I have already searched all past archives for about all
types of pulse arc welding machines. I found one user who seems to
use a standard tig welder for jewelry repair/fabrication. I need to
know if this is possible with the following machine.

Miller dynasty 200dx.

  1. The amp range is from 1-200 A
  2. It welds both AC/DC with pulse
  3. It welds with argon.
  4. I can get a torch that holds.5mm tungsten electrodes. (If there
    are smaller send me a link.)
  5. It has a foot-pedal control
  6. It starts with high frequency.

I have the following questions about such a setup.

  1. Could you do intricate work with this tool? Like tipping, prong
    work, filigree?

  2. If the fine work can be done does it take someone with world
    class welding skills to accomplish this? Something i don’t have, but
    i am willing to practice until perfect.

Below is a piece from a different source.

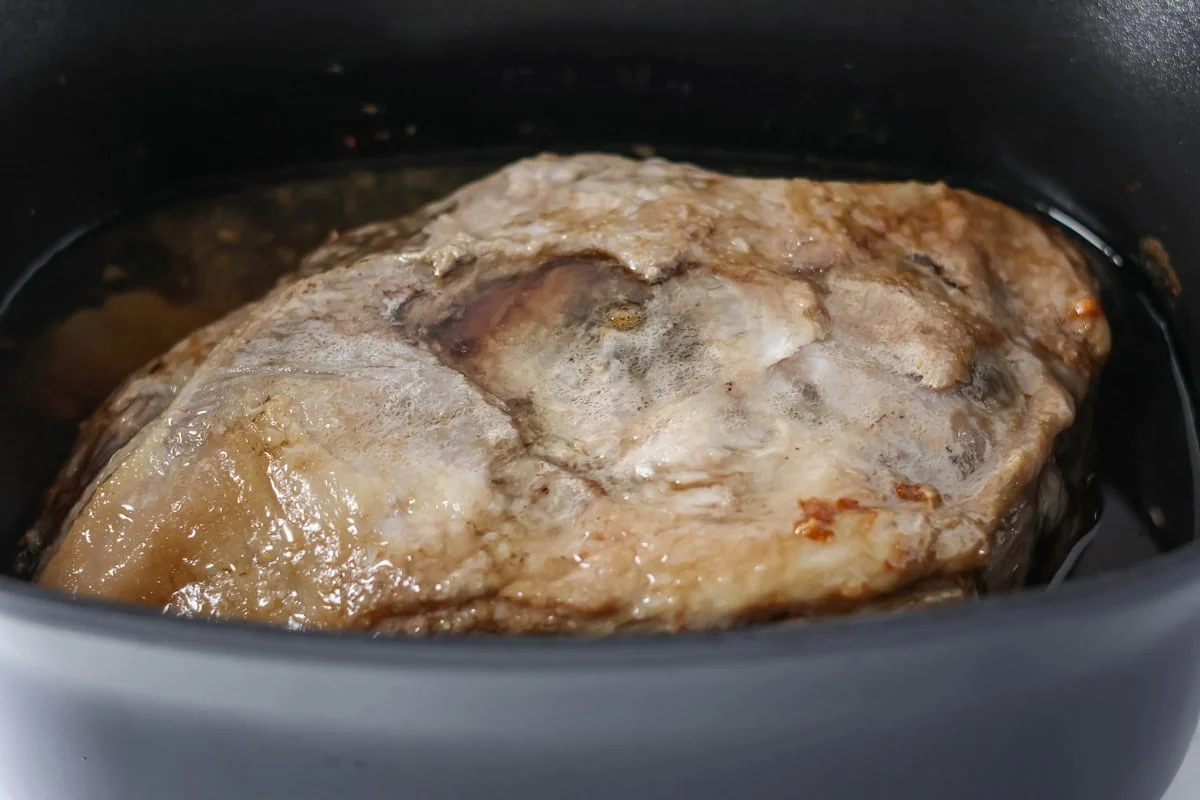 Kalua pork recipe in a slow cooker.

  3. If you tap the pedal can you do quick welds like next to heat
    sensitive stones. I know the heat is intense for tig but it is also
    localized. But how localized.

I know that it is best to buy the right machine for the right job. I
want to know if it is possible because the miller dynasty is a top
of the line machine and not a cheap tig welder. I can just do so much
more than the arc welders for jewelry. I try to think outside the
box.

But not so far outside the box that I am cooking emeralds and
melting rings into lumps of junk.

Thank you for your time
Dax Gilbert


#2
I have already searched all past archives for about
all types of pulse arc welding machines. I found one user who seems
to use a standard tig welder for jewelry repair/fabrication. I need
to know if this is possible with the following machine. Miller
dynasty 200dx. 

I feel this will be too much of a machine for doing fine work on
jewelry. Plus TIG welding at this scale requires some mad skills, its
more of an artform than anything else. Im not saying your not gonna
be able to do it, but with zero experience youll ruin more stuff in
no time flat.

I suggest you check into the jewelry grade welders that Rio and
others carry, like the PUK line to name just one of a few. These will
have a smaller learning curve than a regular TIG will. Plus with the
small form factor, its ideal for getting into tight places.

Now if your really serious about getting a TIG welder that will do
more than just jewelry but stay on the small scale, check these guys
out.

http://www.pro-fusiononline.com/products/dualarc80.htm

ultra low amp (0.01A), talk about hella cool, I want one but Im sure
they are a pretty penny.

P@
www.patpruitt.com

PS: search for micro TIG welder and micro plasma welder


#3

I’m also interested in this question. I have a Miller Syncrowave 250
which I use for small and large bronze and steel pieces, not any
precious metals at this point. I don’t have a small enough torch
tip, but would consider buying one if it is feasible.

Kirsten
http://www.kirstenskiles.com


#4

I agree with Pat – that Miller machine is a real horse. But back in
the 60’s I was an Engineer with one of the Gas companies and we got a
mini plasma welder to sell. It was a 0 to !5 amp full range machine
that also could be used as a control unit with a bigger power source.
We had it set up to demonstrate and loved it ( hoped it wouldn’t sell
but eventually some one bought it- a BUMMER). I never saw another
one. It was really capable for as delicate work as you could imagine!
welded a lot of fine wire, shim stock and some heavy foil.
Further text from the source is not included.